Data for analysis:
************
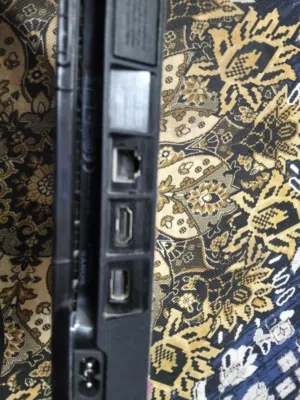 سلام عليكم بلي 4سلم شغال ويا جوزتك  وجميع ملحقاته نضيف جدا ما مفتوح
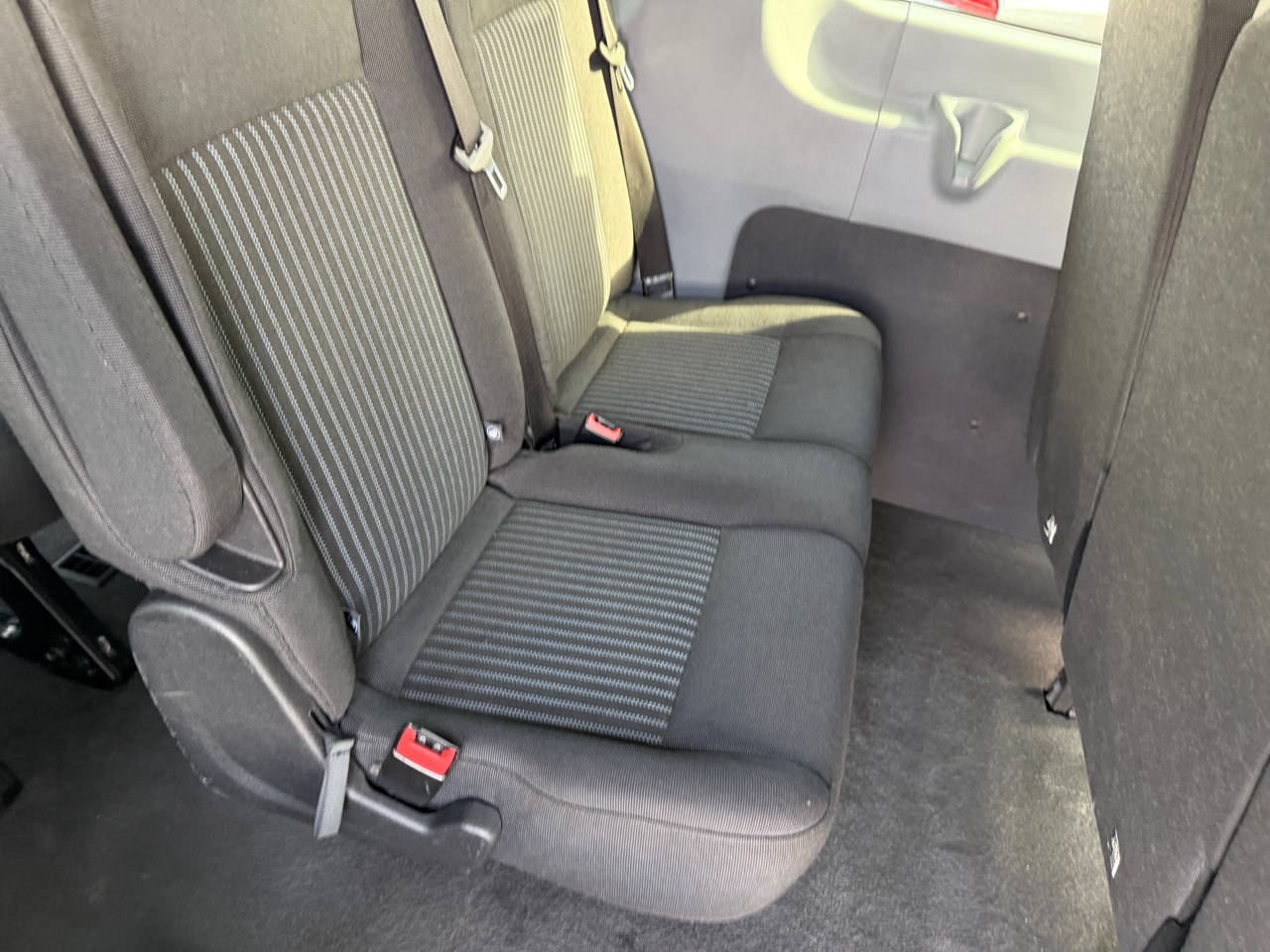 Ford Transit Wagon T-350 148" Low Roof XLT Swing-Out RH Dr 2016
************
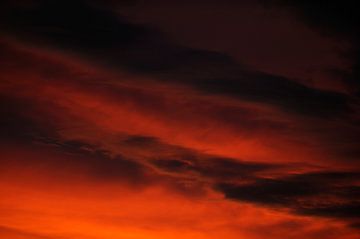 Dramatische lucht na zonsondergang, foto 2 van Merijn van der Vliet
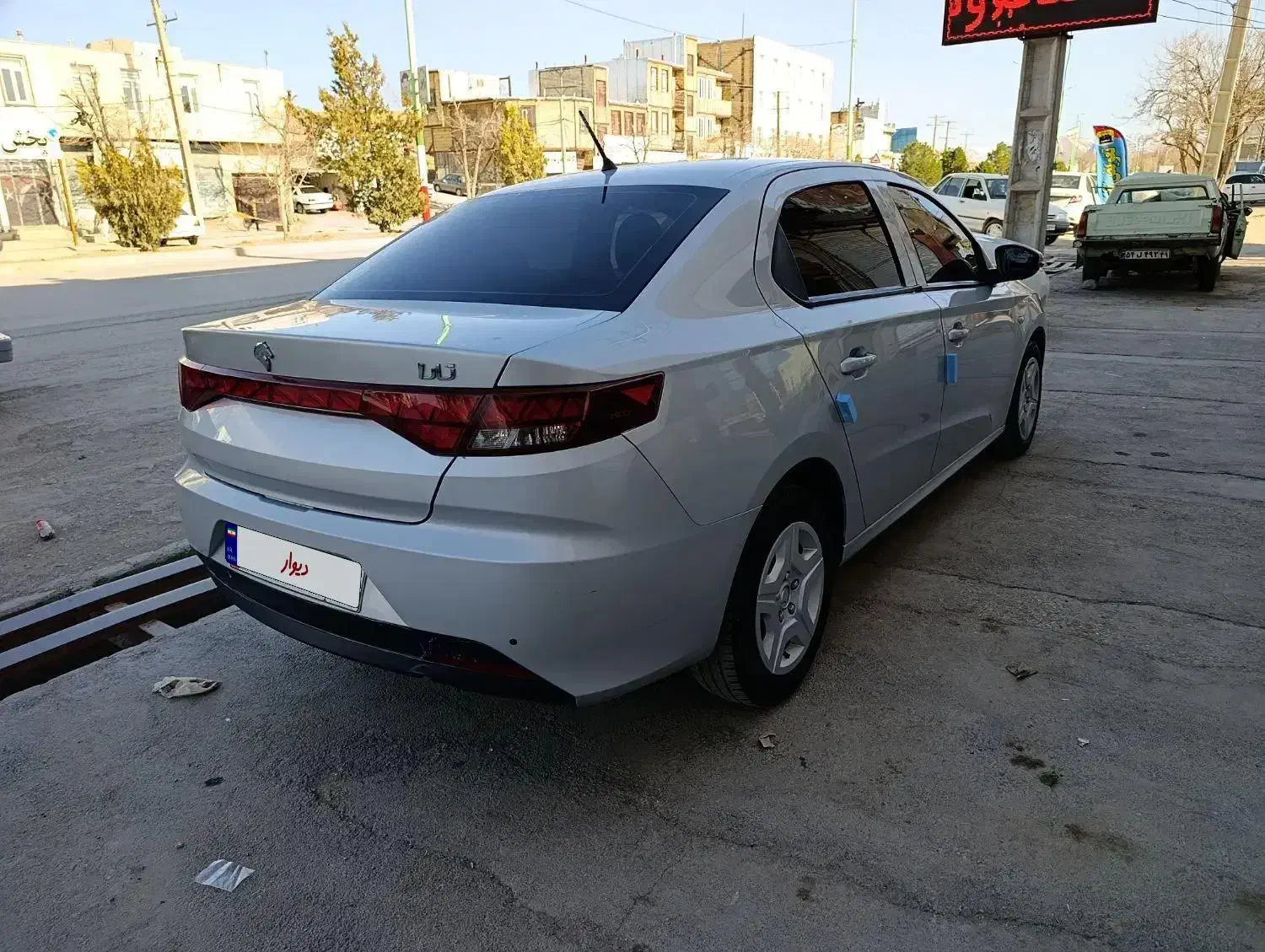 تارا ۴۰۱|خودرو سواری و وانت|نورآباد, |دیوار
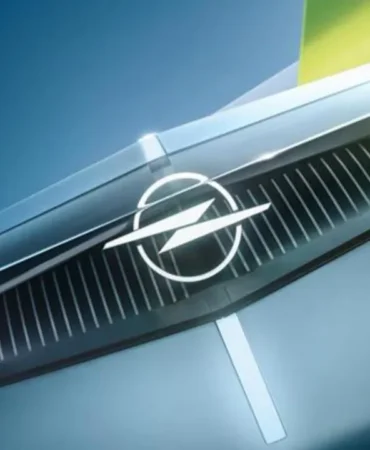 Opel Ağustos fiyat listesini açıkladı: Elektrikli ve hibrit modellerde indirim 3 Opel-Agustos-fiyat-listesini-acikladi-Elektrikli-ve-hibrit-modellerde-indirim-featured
************
What you have to do: Excerpt from the records above: set down only the lines from the one that contains "سلام عليكم بلي" through the one that contains "Ford Transit Wagon", inclusive, word for word. Pictures stay out.

Exercise response:
 سلام عليكم بلي 4سلم شغال ويا جوزتك  وجميع ملحقاته نضيف جدا ما مفتوح
 Ford Transit Wagon T-350 148" Low Roof XLT Swing-Out RH Dr 2016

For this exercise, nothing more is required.